12. The Learned Counsel for the appellant Mr. Trivedi, vehemently contended that the wife has taken undue advantage of the settlement and has obtained all the benefits of compromise. Therefore it was alternatively contended that the respondent should be directed to return the benefits that she availed of for getting divorce by mutual consent, at least, by invoking inherent powers of this Hon’ble Court under Section 151 of the Civil Procedure Code. A plain reading of Section 151 of the Civil Procedure Code would run counter to the proposition advanced by Learned Counsel Mr. Trivedi. No doubt, he has made fervent appeal to the heart and not to the head. At this stage, therefore, it will be open for the husband to recourse to appropriate legal remedies that may be available to him under the law for the return of those items. No provision is indicated or pointed out at either under the provisions of Hindu Marriage Act or any other Act which would empower this Court to grant such a direction or grant the relief in favour of the husband. In fact, it is nothing but polishing a brass when the entire ship is sinking.

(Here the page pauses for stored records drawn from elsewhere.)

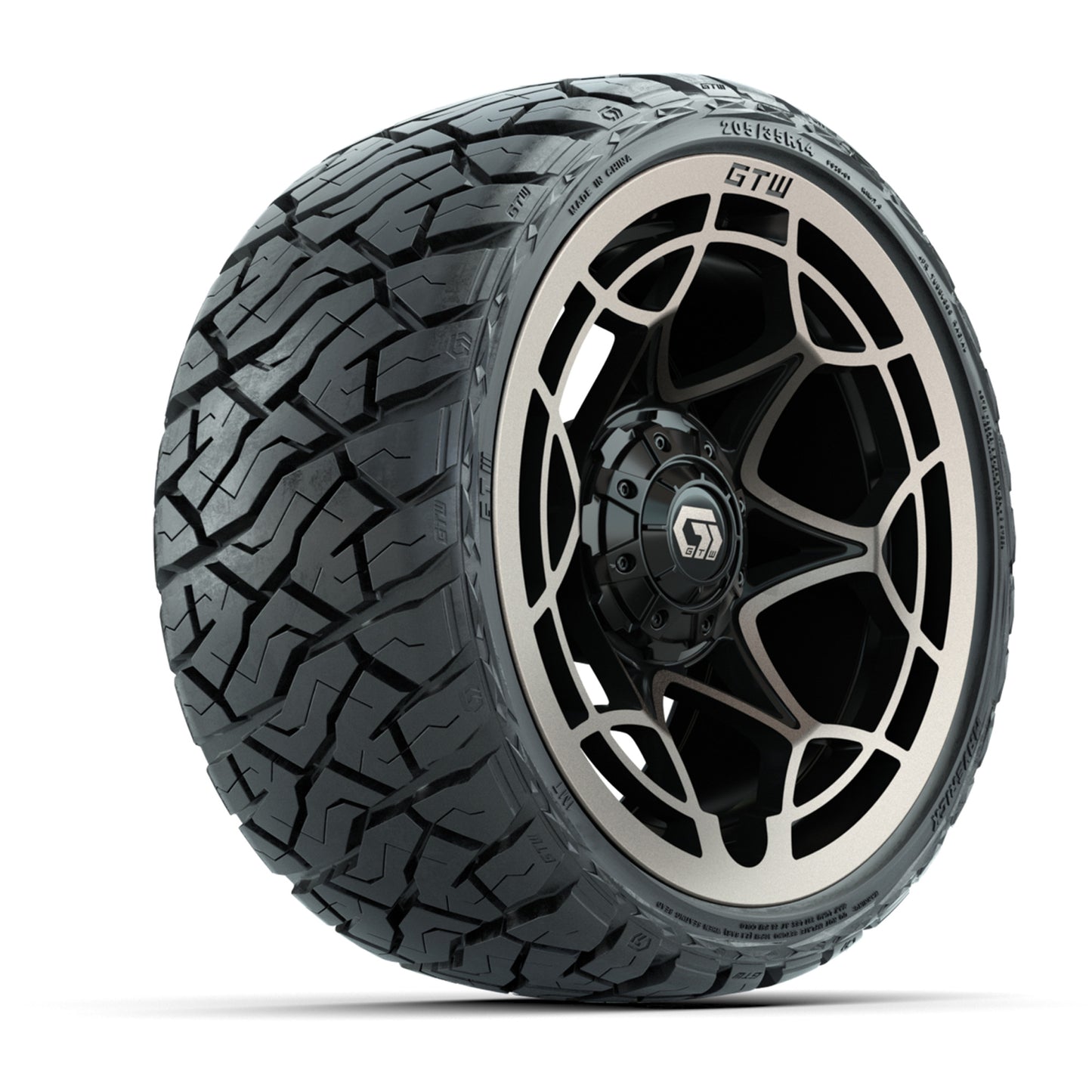 GTW Nexus Gloss Black/Bronze 14 in Wheels with 205/35-R14 Maverick Low-Profile All-Terrain Tires – Full Set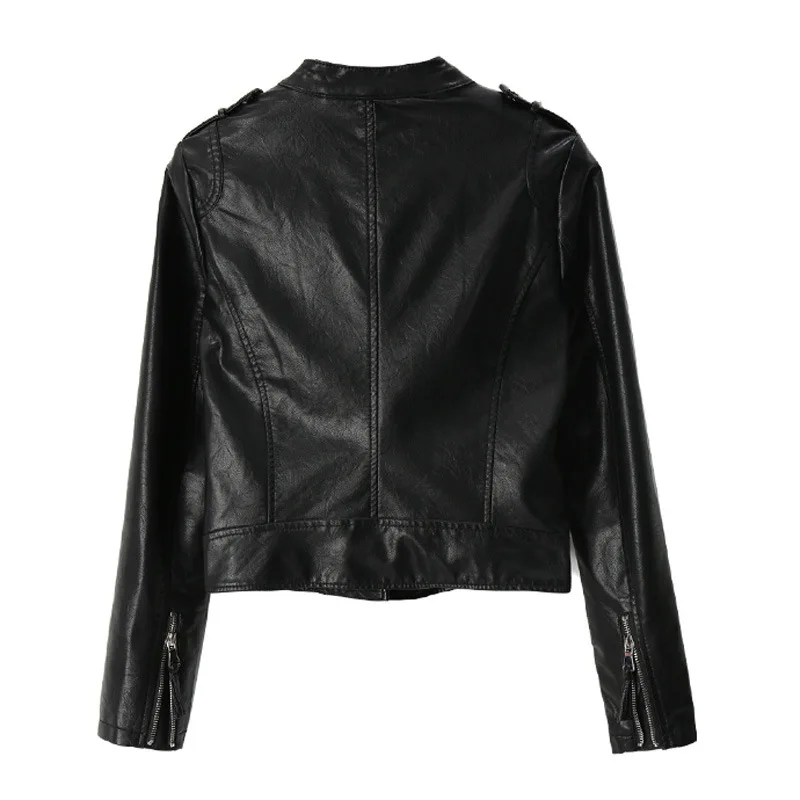 New stand-up collar short leather coat 2023 spring and autumn fashion casual women's motorcycle suit leather jacket jacket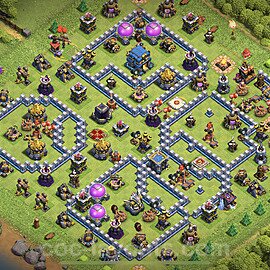 Diseño de aldea Anti 3 Estrellas Ayuntamiento 12 Copiar, Anti Todo - COC TH12 Perfecta Distribucion 2023 + Enlace - #79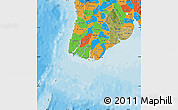 Satellite Map of Yangon (Rangoon), political outside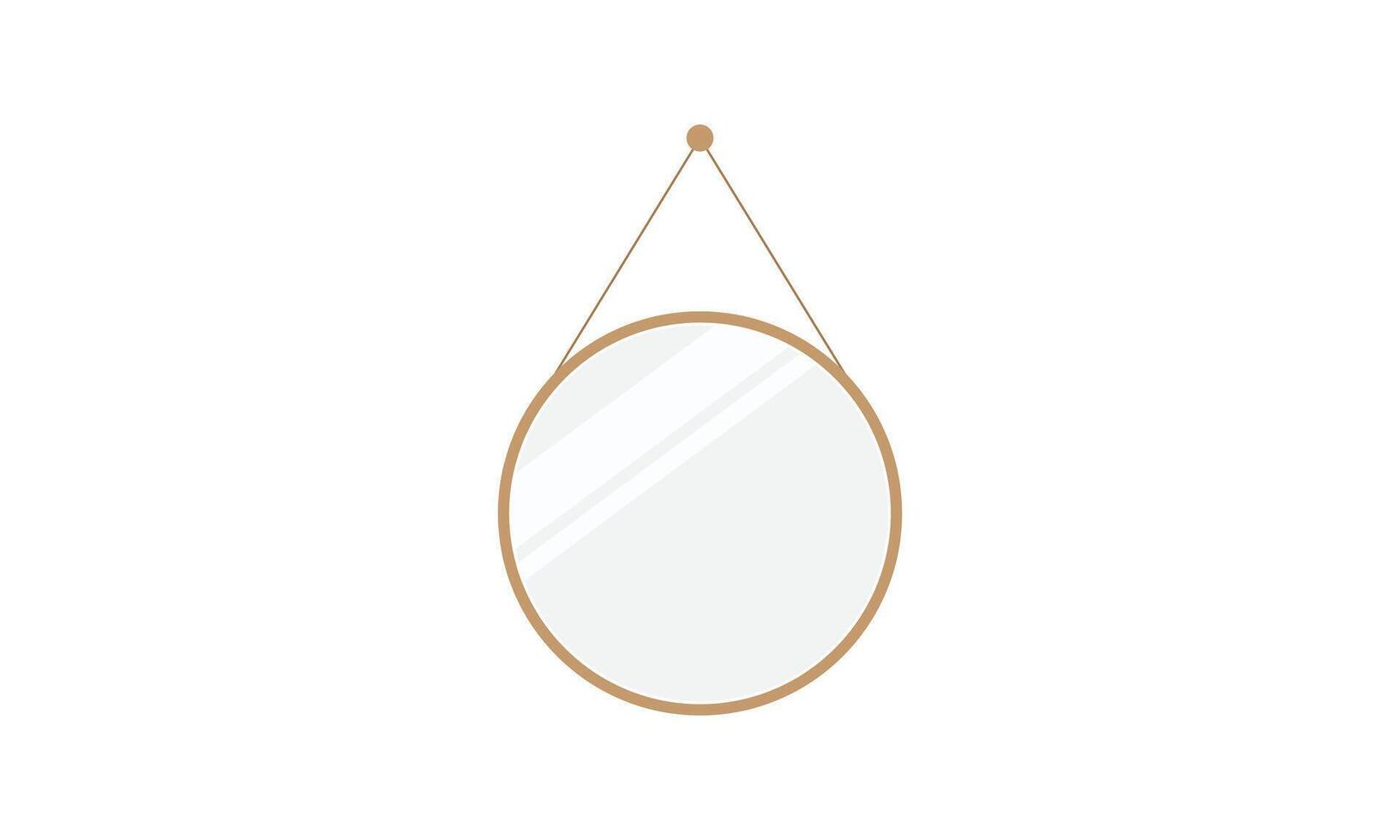 Round Hanging Mirror with Wooden Frame, Wall Hanging Circular Glass Mirror on a white background vector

13. The learned Counsel for the appellant Mr. Trivedi has also seriously contended that the Learned District Judge should not have raised the preliminary issue and disposed of the matter on merits as it cannot be said to have fallen within the ambit of Order XIV Rule 2 of C.P.C. Prima facie this submission appears to be captivating but not convincing. Order XIV Rule, of the Civil Procedure Code, at this stage, would be expedient to refer. The provisions of Section 21 of the Hindu Marriage Act prescribes provision for the applicability of the provision of Civil Procedure Code, which reads as under:

“21. Application of Act V of 1908 : — Subject to the other provisions contained in this Act and to such rules as the High Court may make in this behalf all proceedings under this. Act shall be regulated, as may be, by the Code of Civil Procedure, 1908 (5 of 1908).”f

14. The attention of this Court is also invited to the provisions of Section 13-B(2) of the Hindu Marriage Act, which reads as under :

“(2) On the notion of both the parties made not earlier than six months after the date of the presentation of the petition referred to in Sub-section (1) and not later than eighteen months after the said date if the petition is not withdrawn in the meantime, the Court shall, on being satisfied, after hearing the parties and after making such inquiry as it thinks fit, that a marriage has been solemnised and that the averments in the petition are true, pass decree of divorce declaring the marriage to be dissolved with effect from the date of the decree.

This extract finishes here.